I moved to Regina to pursue dance education. I haven't been dancing for very long but my eagerness to learn has given me a lot of opportunities to explore the art. I've taken classes like ballet, jazz, lyrical, musical theatre, and contemporary at several studios, sometimes all at once. I've been trained at the Performing Arts Warehouse and Ballet N' All That Jazz in Prince Albert, the Birch Hills Dance Centre in Birch Hills, and the Assessippi Dance Camp in Manitoba. I'm currently taking ballet at the Youth Ballet Company of Saskatchewan in Regina. I had my first taste of teaching when I taught a 4-week dance camp in my hometown of La Ronge. I'd have to say that was the best summer of my life. The children, although none of them had any experience whatsoever, were wonderful! My background in theatre, which is my minor, runs deeper than dance but isn't as extensive. I've been involved in theatre since early childhood, both as acting and working backstage. I won't go in depth about my elementary experience, but my high school productions were really the highlight of my teenage years.

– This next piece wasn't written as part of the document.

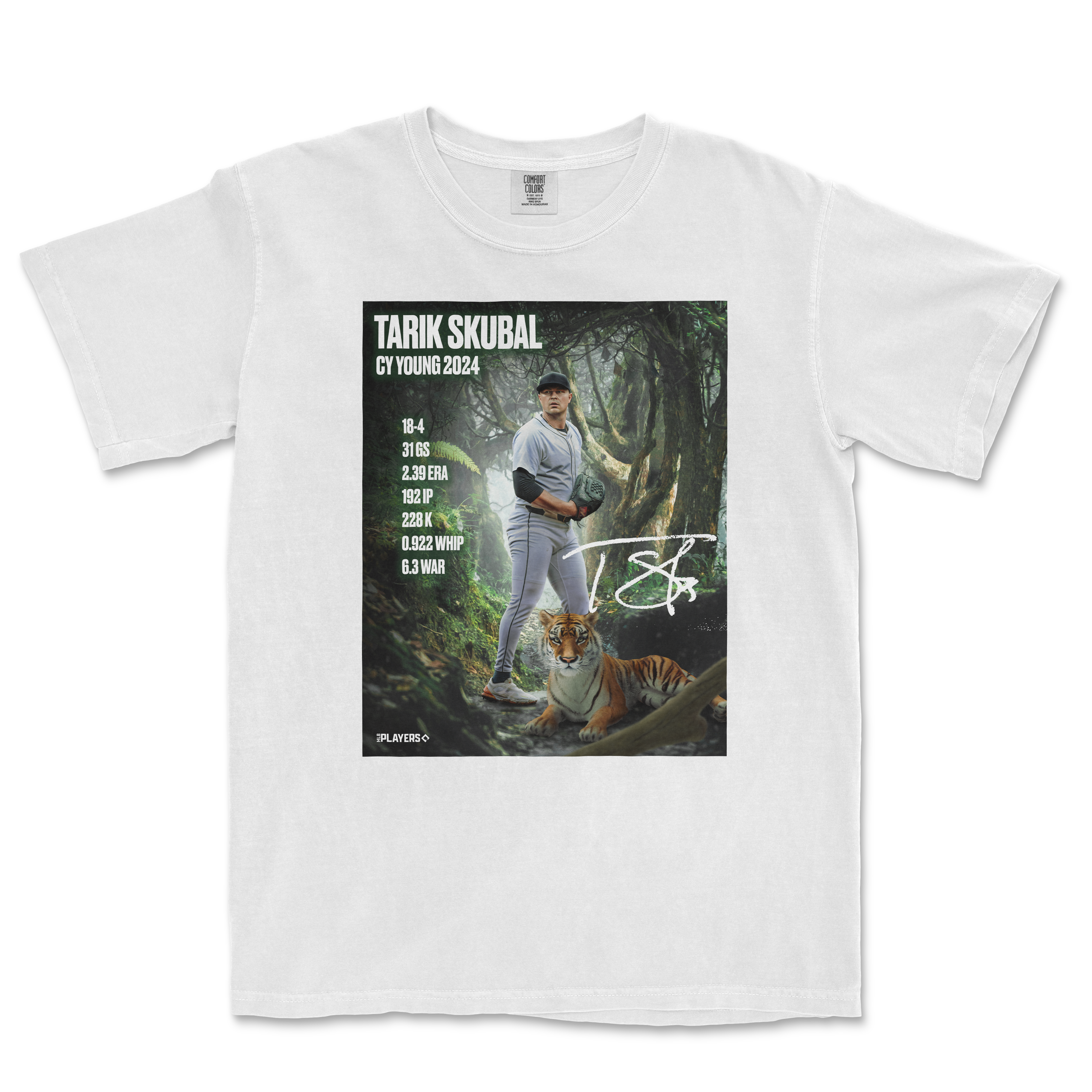 White T-shirt featuring a Tarik Skubal Cy Young 2024 design with a jungle background, stats, and a tiger illustration.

I'm currently at university on full scholarship. This is a very exciting, stressful time for me but I'm actually having a lot of fun experiencing what it's like to be a uni student living on campus. I have a few friends from Prince Albert here with me. We all try to become involved in this busy setting and I have become a member of different groups. I am a mentor for the Aboriginal Student Mentorship program, meaning I help Aboriginal high school students in their transition into post-secondary education. I'm also apart of the Canadian Federation of Students (CFS) as Saskatchewan's Artist Representative and a member of the Indigenous Students Association. This summer, I will be traveling to Australia as part of the International Student Volunteer program for wildlife conservation and to help restore lost habitat.

I think that's enough for the first post. I think you know more than enough about me now! See you soon!